Show by induction that \(\mathbf{q}_1, \ldots, \mathbf{q}_i\) are orthonormal (optional):

Assume it’s true for \(i-1\).
Orthogonalization step ensures that \(\tilde{\mathbf{q}}_i \perp \mathbf{q}_1, \ldots, \tilde{\mathbf{q}}_i \perp \mathbf{q}_{i-1}\). To show this, take inner product of both sides with \(\mathbf{q}_j\), \(j < i\) \[ \mathbf{q}_j' \tilde{\mathbf{q}}_i = \mathbf{q}_j' \mathbf{a}_i - (\mathbf{q}_1' \mathbf{a}_i) (\mathbf{q}_j' \mathbf{q}_1) - \cdots - (\mathbf{q}_{i-1}' \mathbf{a}_i) (\mathbf{q}_j' \mathbf{q}_{i-1}) = \mathbf{q}_j' \mathbf{a}_i - \mathbf{q}_j' \mathbf{a}_i = 0. \]
So \(\mathbf{q}_1, \ldots, \mathbf{q}_i\) are orthogonal. The normalization step ensures \(\mathbf{q}_i\) is normal.

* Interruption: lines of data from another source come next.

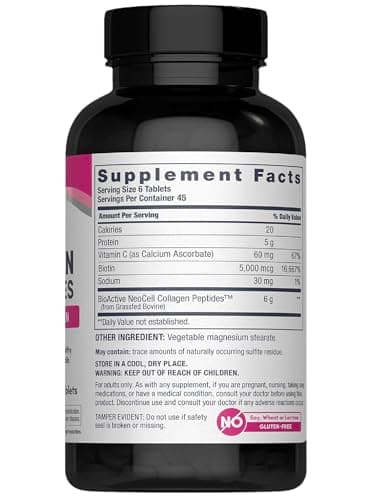 NeoCell Collagen Peptides Pills | 270 Caplets | with Vitamin C and Biotin | Grass Fed Bovine | Hair, Skin, & Nails | for Women and Men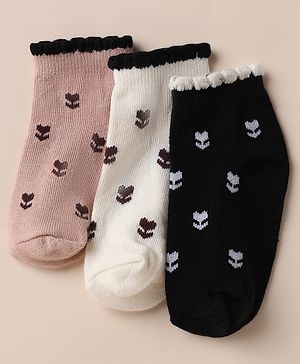 Cute Walk by Babyhug Cotton Knit Anti Bacterial Ankle Length Socks with Floral Print Pack of 3 - White, Black & Pink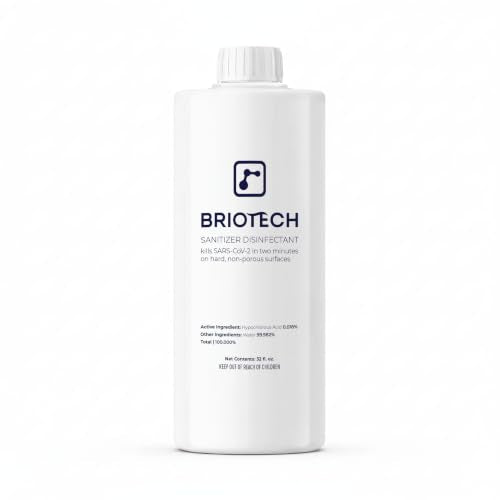BRIOTECH Sanitizer Disinfectant Hypochlorous Spray, Kill 99.99% of Viruses & Bacteria, Control Mold, Eliminate Odor, Gentle for Nursery & Play Rooms, Food Contact Surface Sanitizer, 32 fl oz Refill | Kill 99.99% of viruses, bacteria, control mold, elimina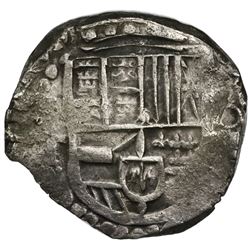 Potosi, Bolivia, cob 8 reales, Philip IV, assayer T (ca. 1628).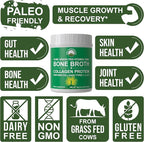 Peak Performance Hydrolyzed Bone Broth + Collagen Unflavored Protein Peptides Powder - Contains All Collagen Types: 1, 2, and 3 - Pure Pasture Raised Grass Fed, Paleo Friendly, Gluten + Dairy Free
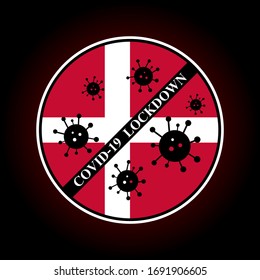 round icon. illustrations concept coronavirus. covid-19 lockdown in denmark.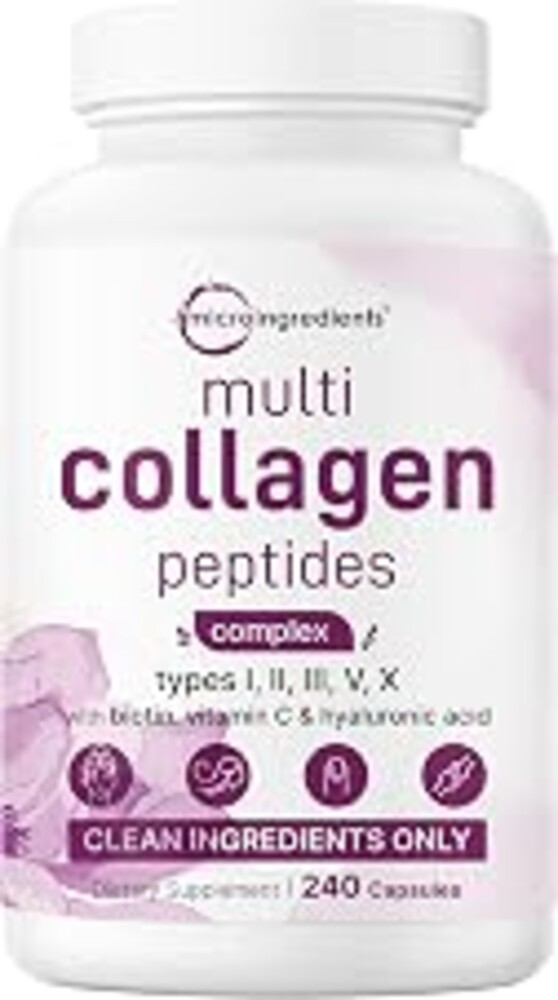 Micro Ingredients Multi Collagen Peptides Pills, 240 Capsules | For Women & Men. Type I, II, III, V, X. Hydrolyzed Collagen Supplement with Biotin, Hyaluronic Acid & Vitamin C. Filler Free.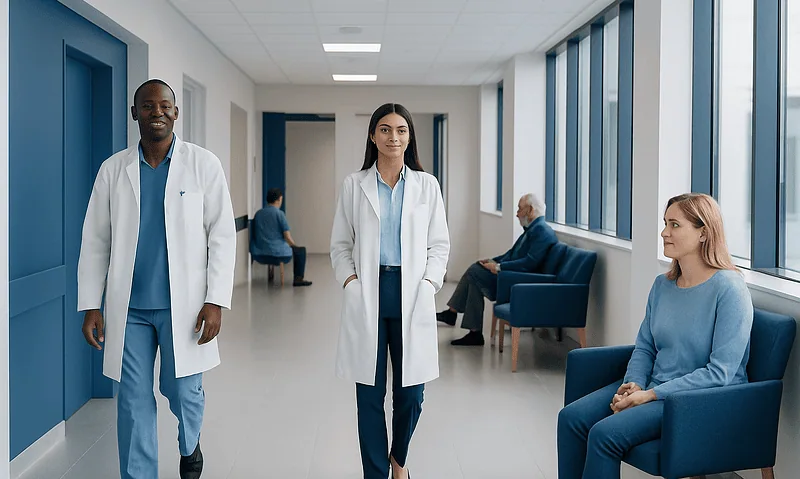 Medical professionals and patients in a modern hospital corridor.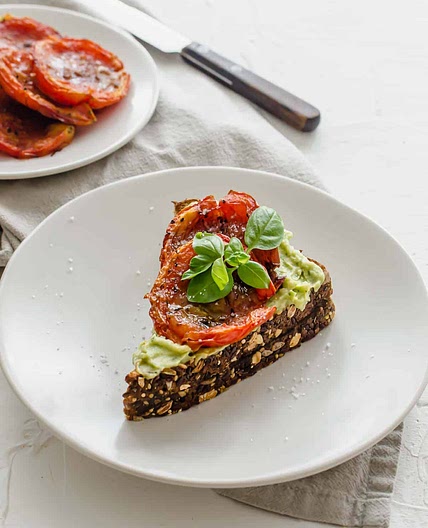 Vegan Avocado Toast with Roasted Tomatoes (High Protein!)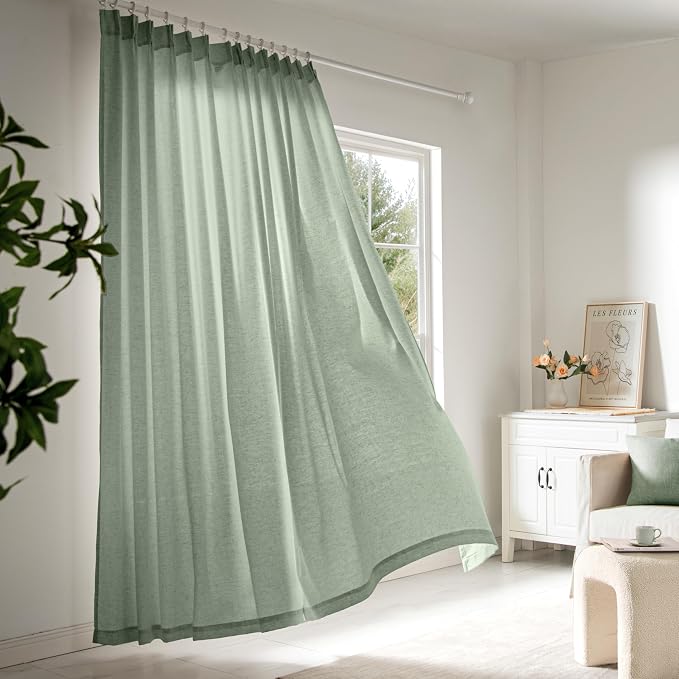 Memory Trained Pinch Pleated Curtains 90 Inches Long, Viral Linen Pinch Pleat - Image 2
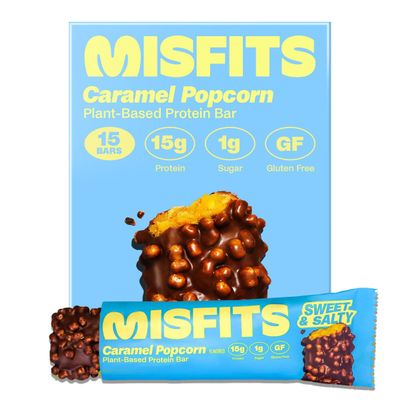 Misfits Vegan Protein Bar - Sweet & Salty Caramel Popcorn | 16 grams Protein | 1 gram Sugar | Plant-Based, Low Carb, High Fibre | No Palm Oil | Non-GMO | Pack of 15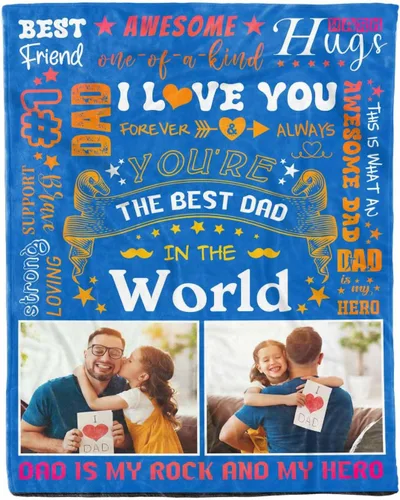 Miniatura 29 de D-Story Mantas personalizadas con imágenes para un papá, para el Día del Padre, mantas con imágenes personalizadas, regalos para el Día del Padre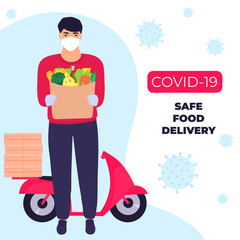 COVID-19. Coronavirus epidemic. Safe food delivery. The courier in a protective mask brought food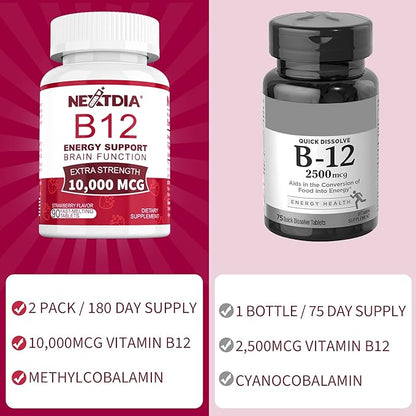 Vitamin B12, Methylcobalamin 10000 mcg, Bioactive B12 Vitamins, Vegan Methyl B12 For Energy Metabolism & Cells, Boost Immune System, Natural Strawberry Flavor, Zero Sugar, 90 Fast Dissolve Tablets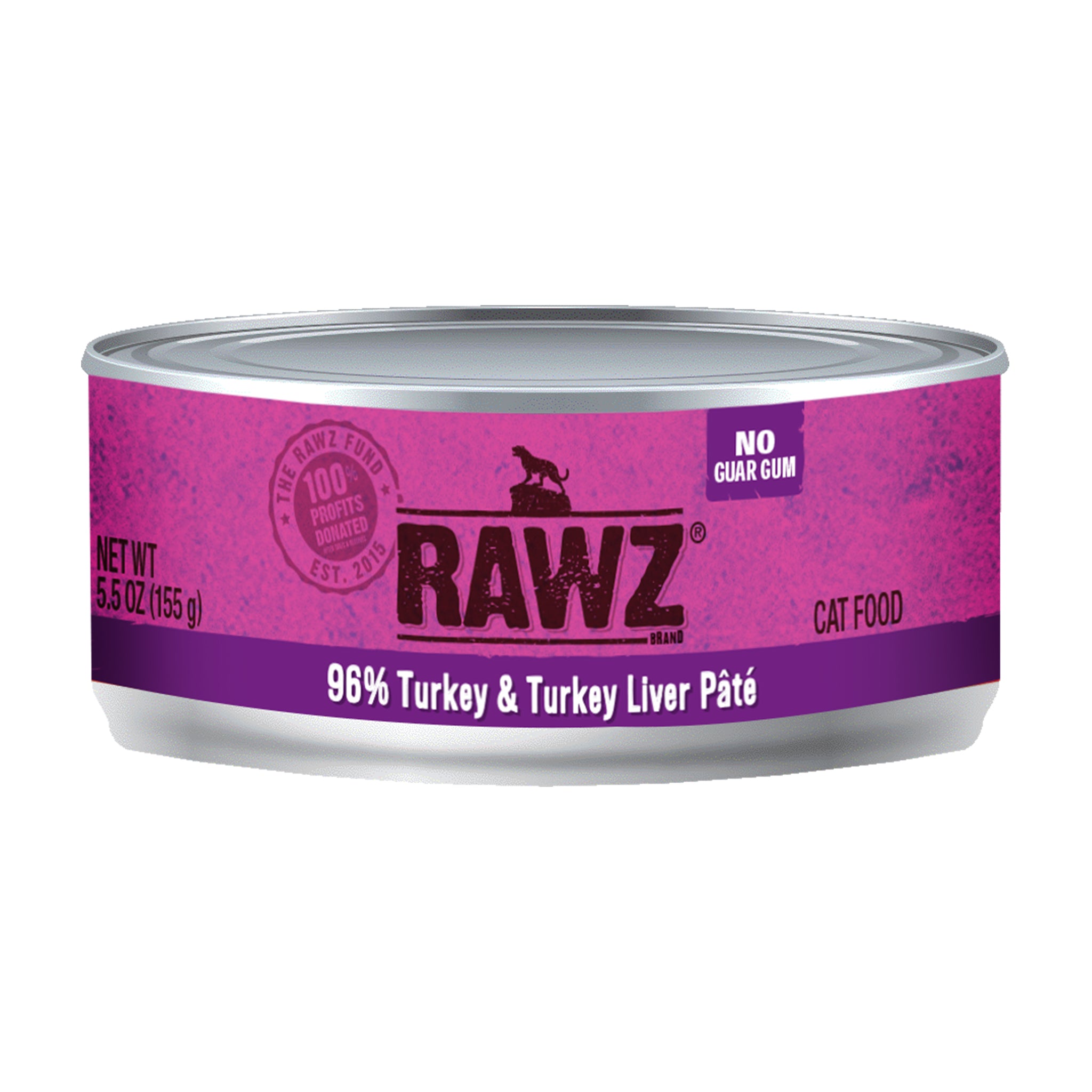 Premium RAWZ 96% Turkey & Turkey Liver Pate Grain-Free Wet Cat Food - High Protein, Natural Ingredients for Healthy Cats - Perfect for Indoor Cats & Sensitive Stomachs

Suppose G-S has not terminated by iteration \(i\), then

\(\mathbf{a}_i\) is a combination of \(\mathbf{q}_1, \ldots, \mathbf{q}_i\), and
\(\mathbf{q}_i\) is a combination of \(\mathbf{a}_1, \ldots, \mathbf{a}_i\).

Computational complexity of G-S algorithm:

Step 1 of iteration \(i\) requires (1) \(i-1\) inner products, \(\mathbf{q}_1' \mathbf{a}_i, \ldots, \mathbf{q}_{i-1}' \mathbf{a}_i\), which costs \((i-1)(2n-1)\) flops, (2) \(2n(i-1)\) flops to compute \(\tilde{\mathbf{q}}_i\)
Step 2 of iteration \(i\) requires less than \(n\) flops.
Step 3 of iteration \(i\) requires \(3n\) flops to normalize \(\|\tilde{\mathbf{q}}_i\|\).
Assuming no early termination, total computational cost of the GS algorithm to orthonormalize a set of \(k\) vectors in \(\mathbb{R}^n\) is: \[ \sum_{i=1}^k [(4n-1) (i - 1) + 3n] = (4n - 1) \frac{k(k-1)}{2} + 3nk \approx 2nk^2 = O(nk^2), \] using \(\sum_{i=1}^k (i - 1) = k(k-1)/2\).